Pictures left aside, return the lines below exactly, from the one with "Children'S Bath Toys" to the end, including both ends.

[Saved data entries]
+ + + + +

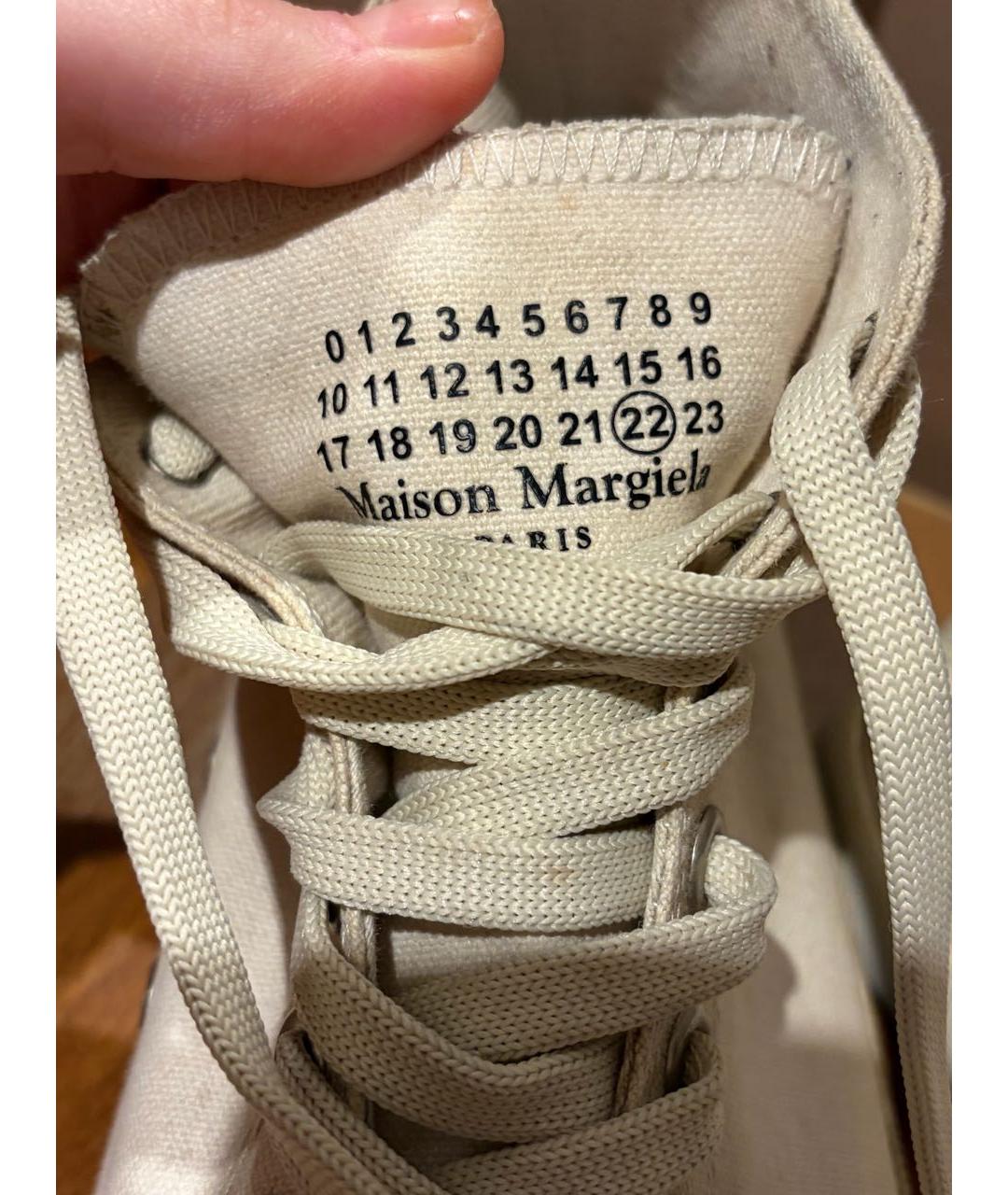 MAISON MARGIELA Белые текстильные высокие кроссовки / кеды, фото 5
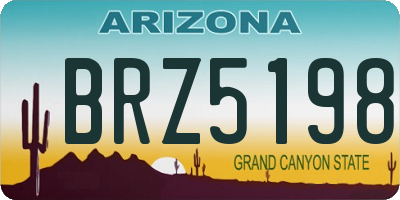 AZ license plate BRZ5198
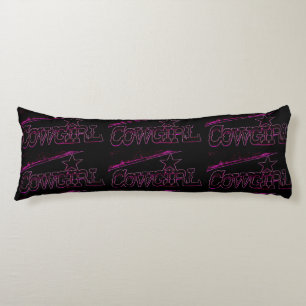 neon pink cowgirl black Thunder_Cove Body Pillow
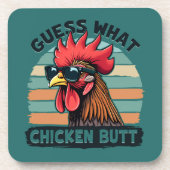 Guess What Chicken Butt Funny Retro Rooster Bier Onderzetter (Voorkant)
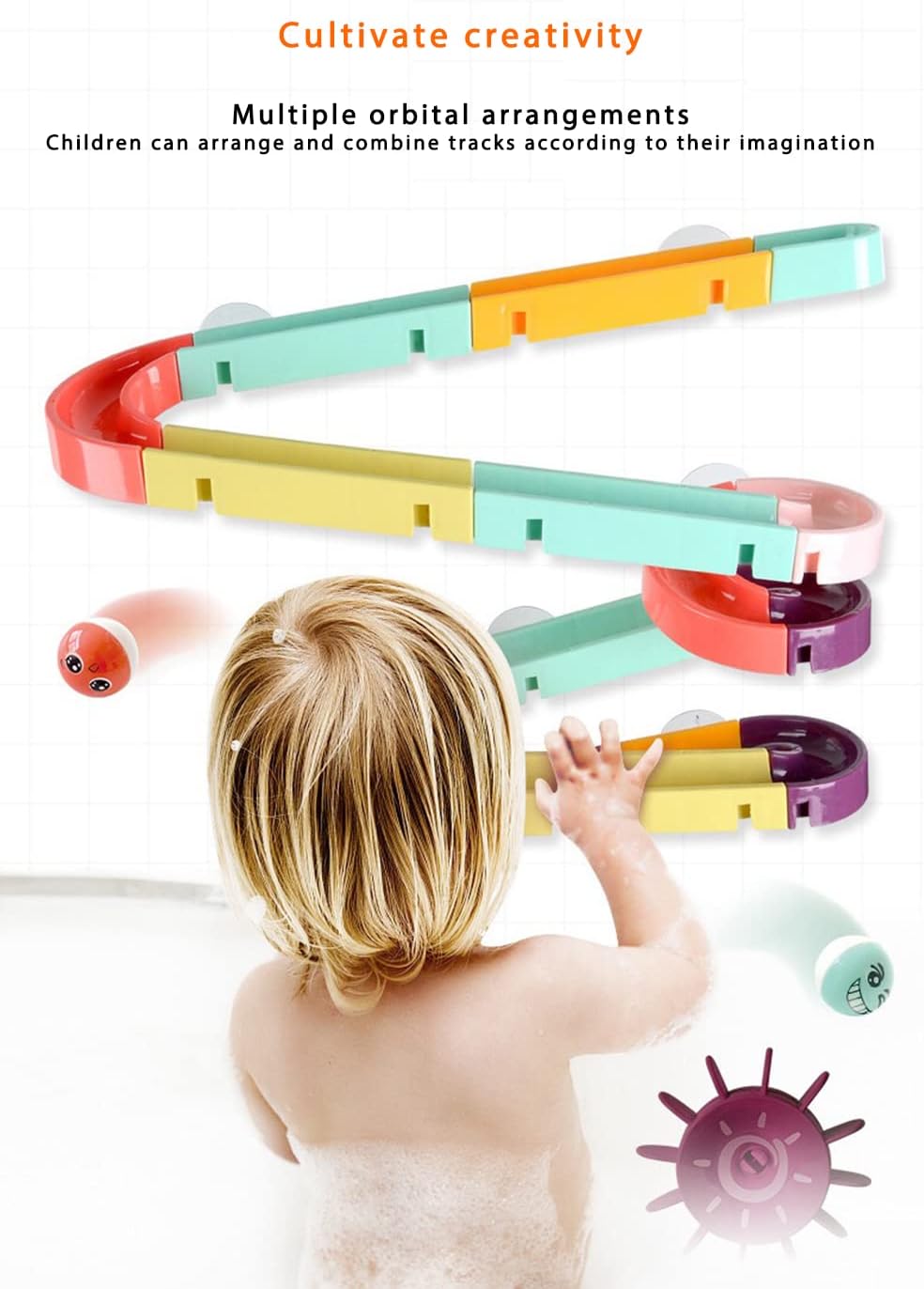 Children'S Bath Toys Set, 24Pcs Diy Slide Waterfall Track Stick With Suction Cup And Wheels Water Ball Shower Floating Bathtub Toy Summer Children Bathtub Gift For Kids Boys Girls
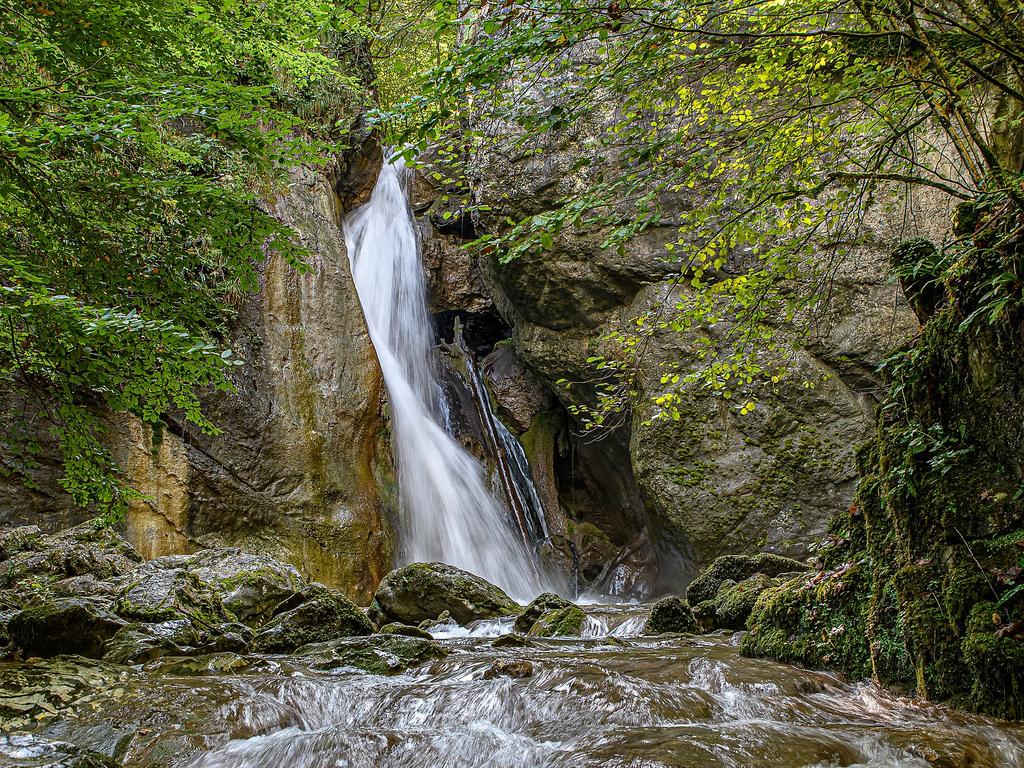 Rinneberger Wasserfall in Oberösterreich © Isiwal / Wikimedia Commons (CC-BY-SA-4.0) Rinneberger Wasserfall in Oberösterreich
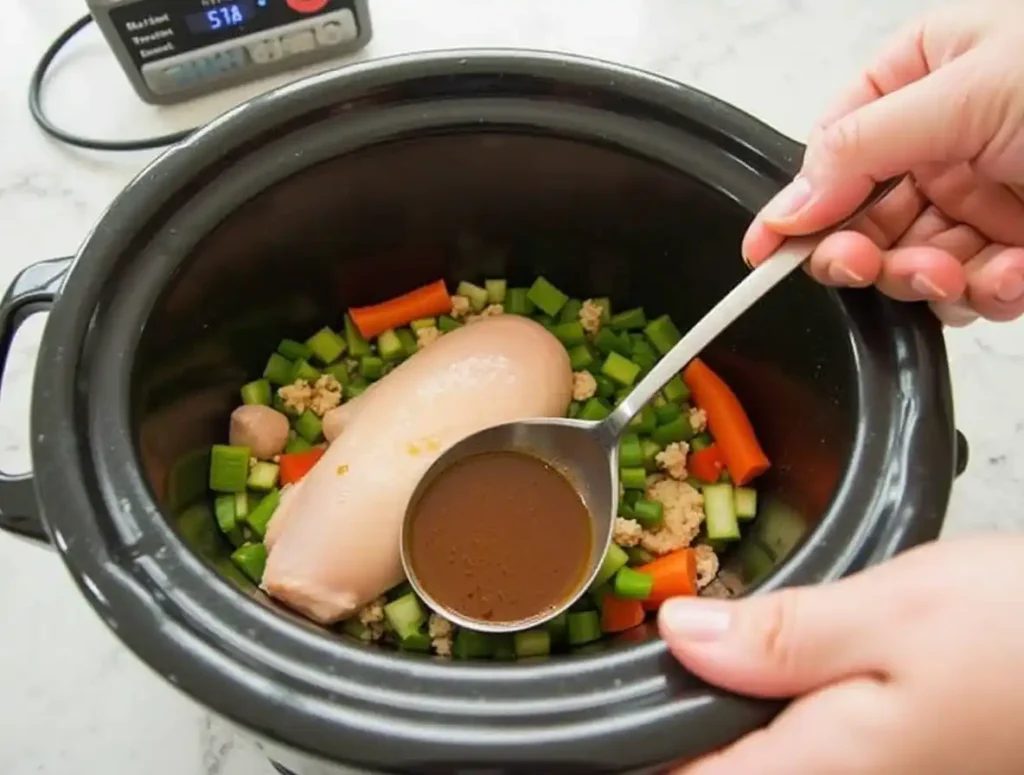 A home cook adding ingredients to a 2-quart slow cooker, showcasing an easy step-by-step meal prep process for a perfect slow-cooked dish.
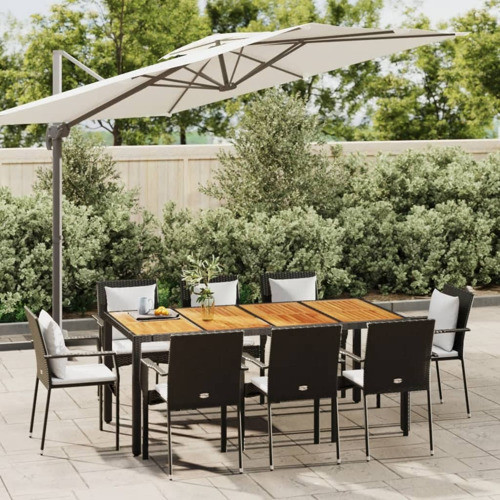 vidaXL Patio Dining Set 9 Piece Conversation Set with Cushions Black Poly Rattan   Tropical   Outdoor Dining Sets   by vidaXL LLC  Houzz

+ + + + +

◆ **Solution to the exercise**
 Children'S Bath Toys Set, 24Pcs Diy Slide Waterfall Track Stick With Suction Cup And Wheels Water Ball Shower Floating Bathtub Toy Summer Children Bathtub Gift For Kids Boys Girls
 Rinneberger Wasserfall in Oberösterreich © Isiwal / Wikimedia Commons (CC-BY-SA-4.0) Rinneberger Wasserfall in Oberösterreich
 A home cook adding ingredients to a 2-quart slow cooker, showcasing an easy step-by-step meal prep process for a perfect slow-cooked dish.
 vidaXL Patio Dining Set 9 Piece Conversation Set with Cushions Black Poly Rattan   Tropical   Outdoor Dining Sets   by vidaXL LLC  Houzz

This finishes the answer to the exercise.